Его первое путешествие должно было стать великим путешествием. На последние деньги была зафрахтована большая яхта, подготовленная к кругосветному плаванию, куплены тысячи метров пленки, и в конце 1912 года корабль отошел от берега. Путешествие продолжалось год. Теперь Жорж Мельес своими глазами видел те удивительные, загадочные страны и города, которые он много лет создавал в стенах киностудии. Его сопровождал словно проснувшийся от многолетнего волшебного сна стеклянный глаз киноаппарата. Были ли эти страны лучше или хуже своих магических образцов? Кто знает. Жорж Мельес никогда до того не снимал кинохронику, он не знал, как это делать. Он даже не знал, что кинопленка портится от сырости...

Когда через год путешествие окончилось, и незапаяные коробки с отснятой пленкой были открыты, оказалось что вся она покрылась плесенью, и на многих километрах целулойдовой основы не сохранилось ни одного кадра.

В 1928 году на сквозном ветру у вокзала Монпарнас стояла маленькая лавочка детских игрушек.
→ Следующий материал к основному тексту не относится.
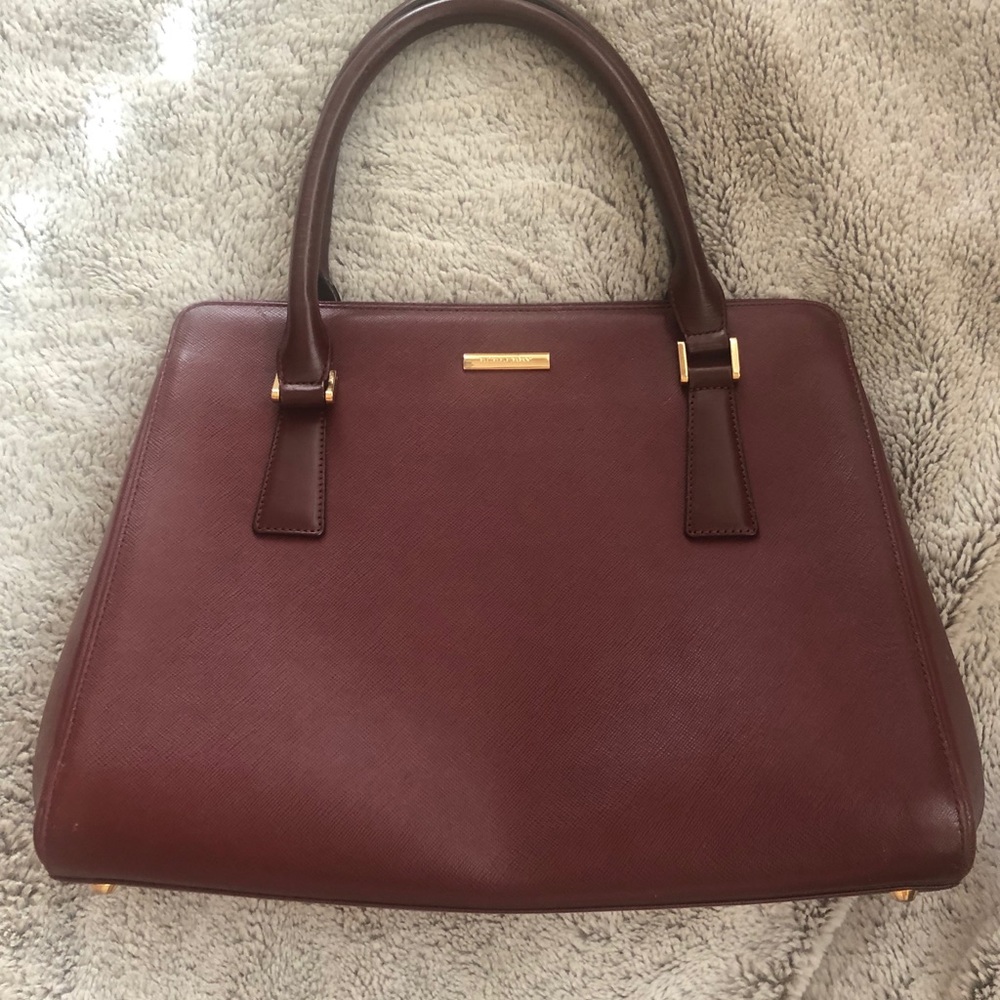Authentic Burberry Handbag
Ее хозяин, шестидесятилетний старик, давным-давно продал и свое поместье, и свою киностудию, и все что у него было - в уплату невероятных долгов. Негативы тысячи волшебных фильмов распродались на вес и превратились в гребенки и зубные щетки. И журналисты, нашедшие там "поэта и предтечу нового кино" Жоржа Мельеса, чувствовали себя, наверное, немного неловко... Хотя что с ними, с журналистами, сделается? Да и не только с журналистами. Так легко было взять у старика несколько интервью, потом устроить официальное торжество, наградить орденом и поместить в довольно-таки посредственную богадельню, где спустя десять лет...

Потом прошло еще пол-века.

Имя Жоржа Мельеса украшает любую книгу по истории кино. Он - поэт и предтеча. Он - случайный, не удавшийся кинопромышленник, средний буржуа. Он - посредственный режиссер театра-балагана, торговец игровыми автоматами. Он - пленник театральной эстетики, так и не догадавшийся изменить точку зрения кинокамеры, неподвижно глядящей на сцену...

А Жорж Мельес никогда не занимался искусством, он не знал как это делается. Ему было не до того: он снимал свои волшебные фильмы. Это и стало его судьбой, его случайной славой, за которую все те, кто занимается искусством, готовы заплатить любую цену. Но вряд ли такое возможно без игры и случайного волшебства.